• **Information**:
--*--

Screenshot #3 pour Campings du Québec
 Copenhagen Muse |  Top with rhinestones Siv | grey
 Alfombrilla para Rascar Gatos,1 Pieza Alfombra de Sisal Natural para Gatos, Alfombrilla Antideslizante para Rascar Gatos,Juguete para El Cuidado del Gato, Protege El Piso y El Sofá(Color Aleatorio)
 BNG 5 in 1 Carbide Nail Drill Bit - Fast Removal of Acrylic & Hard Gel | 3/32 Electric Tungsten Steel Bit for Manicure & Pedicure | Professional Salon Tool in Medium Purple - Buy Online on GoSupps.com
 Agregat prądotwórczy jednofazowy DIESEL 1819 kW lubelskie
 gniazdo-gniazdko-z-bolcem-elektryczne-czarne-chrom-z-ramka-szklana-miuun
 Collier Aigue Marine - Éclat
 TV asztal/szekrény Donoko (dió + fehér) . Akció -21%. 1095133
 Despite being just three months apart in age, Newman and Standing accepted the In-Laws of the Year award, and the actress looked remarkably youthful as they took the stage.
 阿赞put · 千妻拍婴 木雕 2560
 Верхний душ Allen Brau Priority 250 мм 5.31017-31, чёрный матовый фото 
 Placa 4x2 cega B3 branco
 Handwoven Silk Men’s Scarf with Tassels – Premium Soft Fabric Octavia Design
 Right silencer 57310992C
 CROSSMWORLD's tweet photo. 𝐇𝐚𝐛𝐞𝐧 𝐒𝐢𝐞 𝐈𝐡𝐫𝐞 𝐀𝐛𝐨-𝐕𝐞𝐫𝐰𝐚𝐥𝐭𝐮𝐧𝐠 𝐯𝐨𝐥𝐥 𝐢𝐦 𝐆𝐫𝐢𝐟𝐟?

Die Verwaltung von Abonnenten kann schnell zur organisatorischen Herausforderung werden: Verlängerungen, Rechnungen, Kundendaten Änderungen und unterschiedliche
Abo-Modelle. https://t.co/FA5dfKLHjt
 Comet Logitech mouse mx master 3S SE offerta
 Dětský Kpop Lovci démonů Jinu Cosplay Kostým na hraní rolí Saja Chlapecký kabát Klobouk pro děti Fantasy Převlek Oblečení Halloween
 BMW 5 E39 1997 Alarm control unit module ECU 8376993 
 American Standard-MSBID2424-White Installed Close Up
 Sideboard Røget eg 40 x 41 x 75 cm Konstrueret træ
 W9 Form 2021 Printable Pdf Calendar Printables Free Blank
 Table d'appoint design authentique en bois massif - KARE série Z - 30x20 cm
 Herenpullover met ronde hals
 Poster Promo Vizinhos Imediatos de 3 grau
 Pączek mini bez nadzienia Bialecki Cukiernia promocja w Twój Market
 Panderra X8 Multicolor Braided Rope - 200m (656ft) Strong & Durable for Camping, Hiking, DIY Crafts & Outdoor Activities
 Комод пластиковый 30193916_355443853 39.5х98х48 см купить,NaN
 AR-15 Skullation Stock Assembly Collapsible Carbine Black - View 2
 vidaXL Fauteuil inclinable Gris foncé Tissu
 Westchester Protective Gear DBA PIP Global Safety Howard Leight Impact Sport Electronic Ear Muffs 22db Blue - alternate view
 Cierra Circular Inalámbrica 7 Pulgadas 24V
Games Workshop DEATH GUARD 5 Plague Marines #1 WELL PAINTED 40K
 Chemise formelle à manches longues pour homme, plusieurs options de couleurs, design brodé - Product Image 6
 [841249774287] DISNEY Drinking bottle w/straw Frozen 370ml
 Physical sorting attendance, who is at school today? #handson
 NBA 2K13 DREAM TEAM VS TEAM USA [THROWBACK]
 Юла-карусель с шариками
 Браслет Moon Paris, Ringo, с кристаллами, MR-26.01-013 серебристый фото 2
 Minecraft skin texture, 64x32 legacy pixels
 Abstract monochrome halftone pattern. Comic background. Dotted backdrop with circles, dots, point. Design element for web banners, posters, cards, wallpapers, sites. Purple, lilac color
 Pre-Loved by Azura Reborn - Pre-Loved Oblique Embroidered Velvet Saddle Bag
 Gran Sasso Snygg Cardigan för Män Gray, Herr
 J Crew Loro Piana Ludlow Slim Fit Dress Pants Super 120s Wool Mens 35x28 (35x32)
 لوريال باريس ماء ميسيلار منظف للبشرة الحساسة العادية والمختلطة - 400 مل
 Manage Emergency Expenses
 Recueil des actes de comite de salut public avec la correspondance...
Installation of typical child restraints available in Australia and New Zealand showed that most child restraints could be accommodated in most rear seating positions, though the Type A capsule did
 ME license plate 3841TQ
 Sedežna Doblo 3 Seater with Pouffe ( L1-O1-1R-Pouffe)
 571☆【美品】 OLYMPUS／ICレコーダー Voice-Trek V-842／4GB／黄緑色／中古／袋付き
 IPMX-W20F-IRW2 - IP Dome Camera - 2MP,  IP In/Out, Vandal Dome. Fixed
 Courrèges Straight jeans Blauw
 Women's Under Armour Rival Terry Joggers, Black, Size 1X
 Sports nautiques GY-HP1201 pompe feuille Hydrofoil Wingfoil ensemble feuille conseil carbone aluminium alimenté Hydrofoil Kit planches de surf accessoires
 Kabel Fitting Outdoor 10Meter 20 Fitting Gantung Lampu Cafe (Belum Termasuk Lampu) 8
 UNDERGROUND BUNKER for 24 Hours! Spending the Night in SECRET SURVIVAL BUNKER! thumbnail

--*--

• **Exercise**:
After you work out how many lines in the material hold the word "pour", please respond with that number alone.

• **Response below**:
2